Neonatal and Endocrine Unit, Second Department of Obstetrics and Gynecology, Athens University Medical School, 10682 Athens, Greece¹ Department of Clinical Biochemistry, ‘Aghia Sophia’ Children's Hospital, Athens, Greece and ² First Department of Pediatrics, University Medical School, Athens, Greece

(Correspondence should be addressed to G Mastorakos; Email: mastorakg{at}ath.forthnet.gr)

Objective: Leptin and adiponectin are two adipocytokines that play a critical role in the control of energy balance and metabolism as well as in conditions, such as insulin resistance, inflammation, and the development of the metabolic syndrome in adult life. Leptin has been associated with asymmetric intrauterine growth restriction (IUGR). The aim of this study was to investigate the perinatal implication of leptin and adiponectin in IUGR.

Design: Leptin and adiponectin were measured in the plasma of 40 mothers, in the umbilical cord (UC) blood of their 20 appropriate for gestational age (AGA) and 20 IUGR singleton, full-term fetuses, and neonates on day 1 (d1) and day 4 (d4) of life postnatally.
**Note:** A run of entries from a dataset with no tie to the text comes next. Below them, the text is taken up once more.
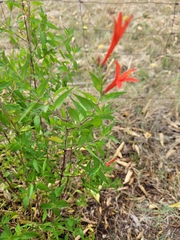 Anisacanthus quadrifidus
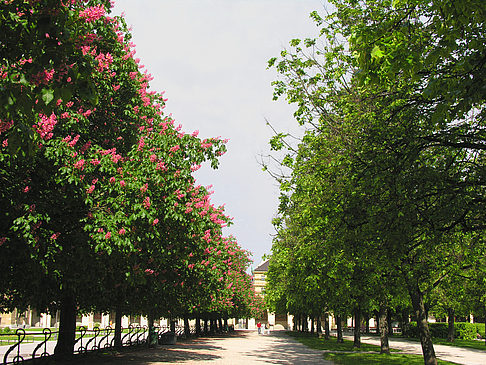 Foto Hofgarten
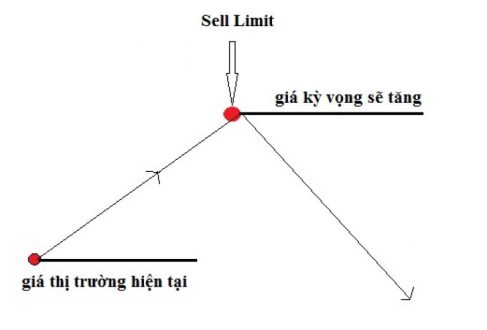lenh cho sell limit la gi 1 1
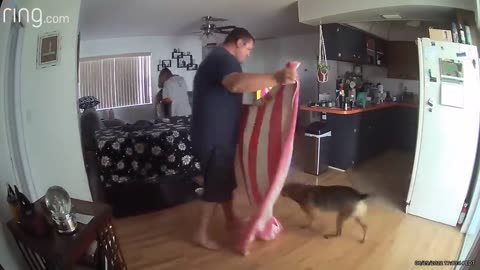 FUNNY DOG VIDEO 🤣🤣🤣🤣🤣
Methods: Serum leptin and adiponectin levels were measured by RIA. Serum cortisol levels were measured with an electrochemiluminescence immunoassay.

Results: Leptin and adiponectin serum levels were higher and lower respectively in IUGR (mean±S.E.M., 32.5±3.8 and 5.4±0.9 µg/l respectively) compared with AGA (20.4±2.1 and 11.8±1.3 µg/l respectively) mothers (P<0.05), although body mass index did not differ between these two groups. Leptin levels positively correlated with adiponectin levels in the AGA (r=0.547, P<0.05) but not in the IUGR mothers. UC, d1, and d4 leptin and adiponectin levels did not differ between IUGR and AGA groups. UC were significantly higher than d1 leptin levels (P<0.05) in the IUGR group but not in the AGA group.

Conclusions: The increased UC leptin levels compared with d1 in IUGR fetuses might be directly and/or indirectly related to the subsequent development of insulin resistance in these neonates. This pathologic situation seems to be related to a specific profile of increased leptin and decreased adiponectin levels in IUGR mothers indicating a genetic predisposition for the development of insulin resistance.